→ **DATA TO EXAMINE**:
▬▬▬▬▬▬

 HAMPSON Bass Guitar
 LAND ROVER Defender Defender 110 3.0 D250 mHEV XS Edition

▬▬▬▬▬▬

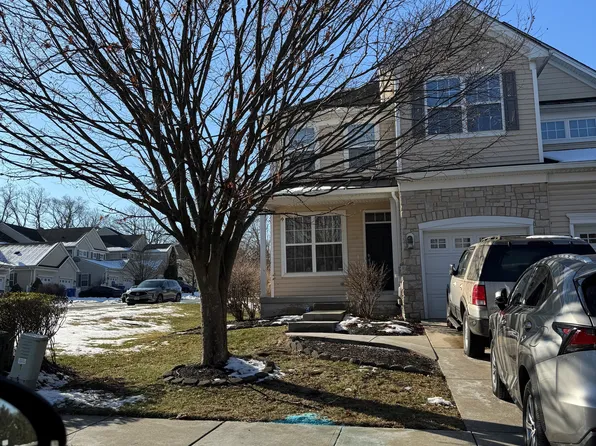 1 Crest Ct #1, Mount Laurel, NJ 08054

▬▬▬▬▬▬

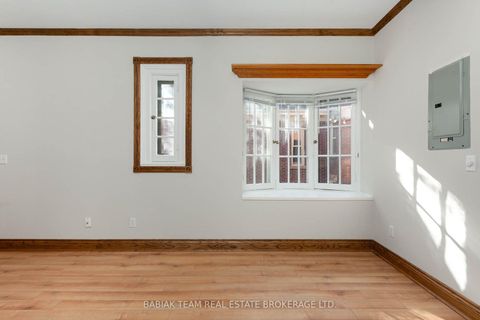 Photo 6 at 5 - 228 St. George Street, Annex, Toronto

▬▬▬▬▬▬

→ **EXERCISE PROMPT**: Reproduce word for word the material above, starting with the line that has "HAMPSON Bass Guitar" and stopping after the line that has "LAND ROVER Defender".

→ **REPLY TO THE EXERCISE**:
 HAMPSON Bass Guitar
 LAND ROVER Defender Defender 110 3.0 D250 mHEV XS Edition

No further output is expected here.